Visual analogue scales vs. slider scales in Web surveys: Pros and cons
Frederik Funke

Paper presented at the Midterm Conference "Quantitative Methods in European Sociology" of the European Sociological Association (ESA), Research Network RN21
November 9 & 10, 2012 in Maribor (Slovenia)

The present paper reports findings from an experimental comparison of two graphic rating scales for Web-based research, namely visual analogue scales (VAS) and slider scales. On the first look, VASs and slider scales are quite similar. Both scales are usually made from a simple horizontal line where only the ends have (e.g., verbal) anchors. In contrast to slider scales VASs are not implemented as scales with a limited number of response options but mostly as continuous rating scales. In computerized data collection every pixel in length serves as a possible rating (for a working example see http://vasgenerator.net). There is evidence that respondents are capable of using the multitude of response options in a meaningful way and that data collected with VASs are on the level of an interval scale (see Reips & Funke, 2008).
In comparison to categorical rating scales, slider scales suffer from high rates of break-off, especially for respondents with low formal education (see Funke, Reips, & Thomas, 2011). Furthermore, there are indicators that respondents have difficulties with understanding how to use the scale, especially regarding the category the slider’s handle is positioned in the beginning. Research on semantic differentials made from categorical rating scales versus VASs could show beneficial effects of VASs (see Funke & Reips, 2012). No direct comparison between VAS and slider scales has been published so far.
The experiment was included in a Web survey (N = 1807). In a fully crossed 3 X 3 factorial between-subjects design the rating scales provided to answer three closed-ended items were either VASs, slider scales, or categorical scales made from standard HTML radio buttons. The rating scales had three, five, or seven response options. Furthermore, continuous VASs with 200 response options were used.
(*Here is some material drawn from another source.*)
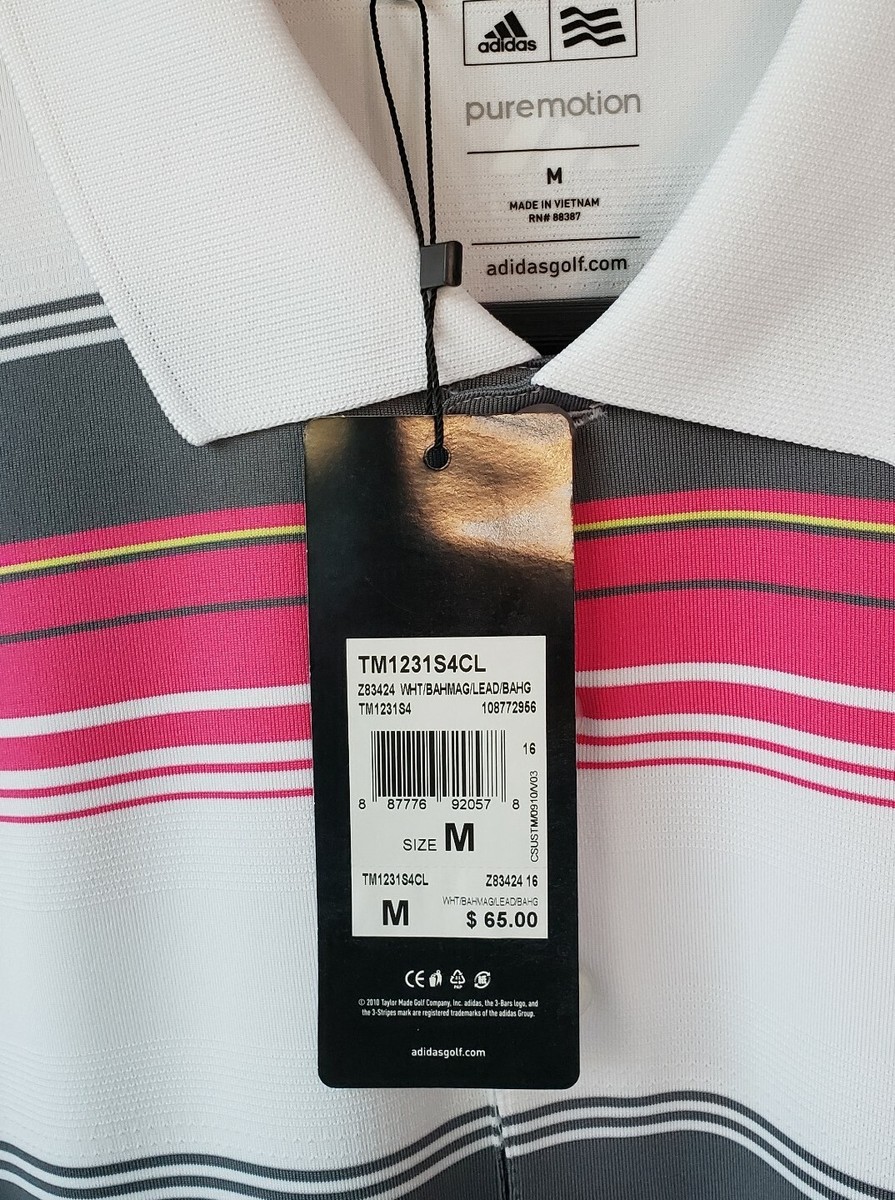 『ユウ』 Men's Adidas Golf Polo Shirt Medium Puremotion Striped Pink Gray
Break-Off. Slider scales made more respondents break-off than the other scales, especially those with a low formal education. Item Nonresponse. VAS and radio button scales did not differ regarding the share of item nonresponse. However, an inconsiderably large share of respondents did not change the initial position of the slider.
Distribution of Ratings. Overall, slider scales lead to fewer ratings of middle intensity than VAS and radio buttons, which did not differ from one another.
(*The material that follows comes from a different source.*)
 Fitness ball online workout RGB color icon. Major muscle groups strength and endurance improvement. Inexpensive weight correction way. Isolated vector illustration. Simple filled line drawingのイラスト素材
Response Time. Analyzing client-sided paradata, VAS and slider scales lead to higher response times than radio button scales.
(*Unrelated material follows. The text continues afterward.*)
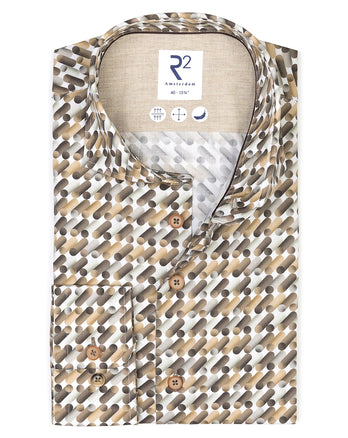 Chemise stretch à imprimé sofa abstrait 041 - Brown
Overall, VASs and radio button scales did not differ significantly. The number of response options had no effect.
Considering present as well as previous findings, there is no point in using slider scales. Slider scales may substantially increase break-off and harm data quality. Analysis of the distribution of values suggests, that even respondents with a high formal education and a high computer literacy have problems using this type of rating scale. Furthermore, slider scales are likely to foster response styles like acquiescence.
Whenever categorical ratings are sufficiently precise, it is recommended to use standard, low-tech rating scales made from radio buttons in Web surveys. However, VASs can be an interesting alternative whenever measurement of small differences is relevant.